Busfahrt für Drum-Subgruppen

Wohl am besten kann der 2500 seine Vorzüge in folgenden beiden Fällen ausspielen: auf der Drum-Subgruppe oder sogar auf dem Summensignal. Das ist seine Domäne, dafür wurde er einmal erfunden. Nicht zuletzt trägt der 2500 die Bezeichnung „Bus Compressor“ bereits in seinem Namen. Begeisternd ist dabei die Bandbreite, mit der der 2500 zu Werke geht. Zwar kann man das Gerät aufgrund der umfangreichen Einstellmöglichkeiten auch zu einer soft-dezenten Ansprache überreden, aber wenn er knackig klingen darf, dann macht der API das nur zu gern. Hardknee, 30 mS Attack, kurzes Release, und schon beginnen Bassdrums und Snares schön zu knallen, ohne dass sie dabei ihr Volumen verlieren. Wird etwas mehr drahtige Präzision gewünscht, dann ist Feed-Forward-Kompression das Gebot der Stunde, im Feedback-Betrieb hingegen wird der Sound etwas runder und geschmeidiger. Beide Optionen sind sinnvoll, wobei ich persönlich meist zum Feedback-Modus tendiere: Es ist einfach schön, wie das Gerät dann die Backen aufbläst. Auch das Sidechain-Filter zählt zu den Funktionen, die einem das Leben wirklich erleichtern können. Es gibt zwar immer wieder auch Situationen, in denen die Knackigkeit und Schärfe, die man beim Verzicht auf das Filter erhält, den Drums sehr gut zu Gesicht stehen, aber wie oft gilt es, scharfe, dünne Drums zu zähmen. In einem solchen Fall können die Medium- und Loud-Positionen der Thrust-Schaltung bisweilen gar den Einsatz eines zusätzlichen EQs unnötig werden lassen. Auch bei zischelig-giftigen Overhead-Signalen kann das wahre Wunder wirken. Doch der 2500 ist nicht nur für die knackigen Transienten bei langen Attack-Werten zu empfehlen. Mit hoher Kompressionsrate und sauschneller Attack die Transienten killen, die Räume explodieren lassen und das Ergebnis dann parallel hinzumischen? Bingo, das klingt nach einem soliden Plan!

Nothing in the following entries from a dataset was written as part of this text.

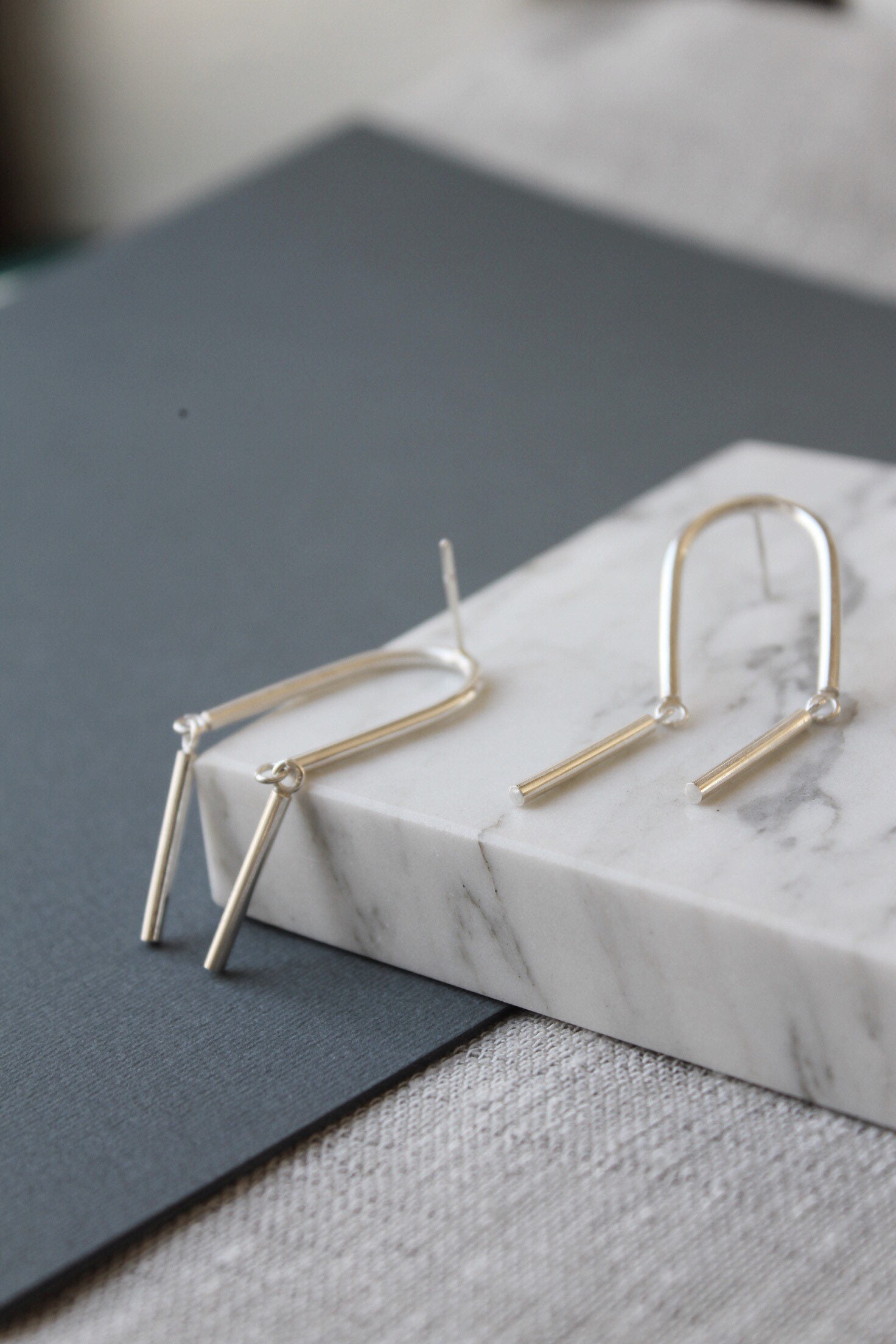 Arc line earrings - Image 5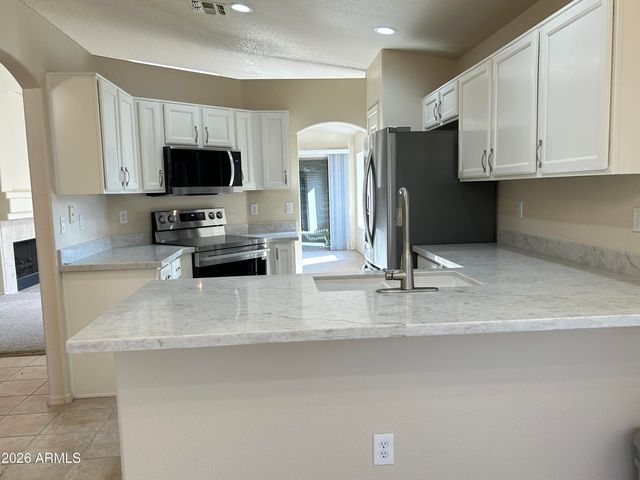 6661 W AURORA Drive, Glendale, AZ 85308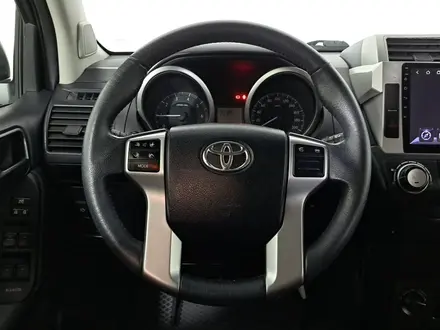 Toyota Land Cruiser Prado 2017 года за 17 450 000 тг. в Астана – фото 13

Eine weite Bandbreite für Summensignale

All das, was den 2500 auf der Drumsubgruppe auszeichnet, macht ihn auch zu einem guten Summenkompressor. Für diese Einsätze kommen die vielseitigen Einstellmöglichkiten abermals gelegen. Auch bei wenig Pegelreduktion gelingt es dem API dabei, dem Signal seinen Stempel aufzudrücken. Vom behutsamen Bass-Schub, von dem „urbane“ Stilistiken profitieren können, bis hin zu knackig-klatischigen Snares, die die Heavy-Rock-Fraktion begeistern – der API hat eine weite Bandbreite. Hier hilft auch das hochwertige Design, der voll-diskrete Class-A-Aufbau des Audiosignalwegs, dessen Eigenschaften den runden und doch rockigen Ton untermalen. Nicht zuletzt ist der API 2500 zu den wenigen VCA-Kompressoren, die mit enem diskret aufgebauten Regelelement arbeiten. Zu dieser illustren Riege zählen beispielsweise auch der DBX 160SL oder der Vertigo Sound VSC-2, aber dann wird die Luft auch schon recht dünn. Selbst der SSL-Buskompressor setzt wie die meisten anderen VCA-Designs auf IC-Chips im Regelelement.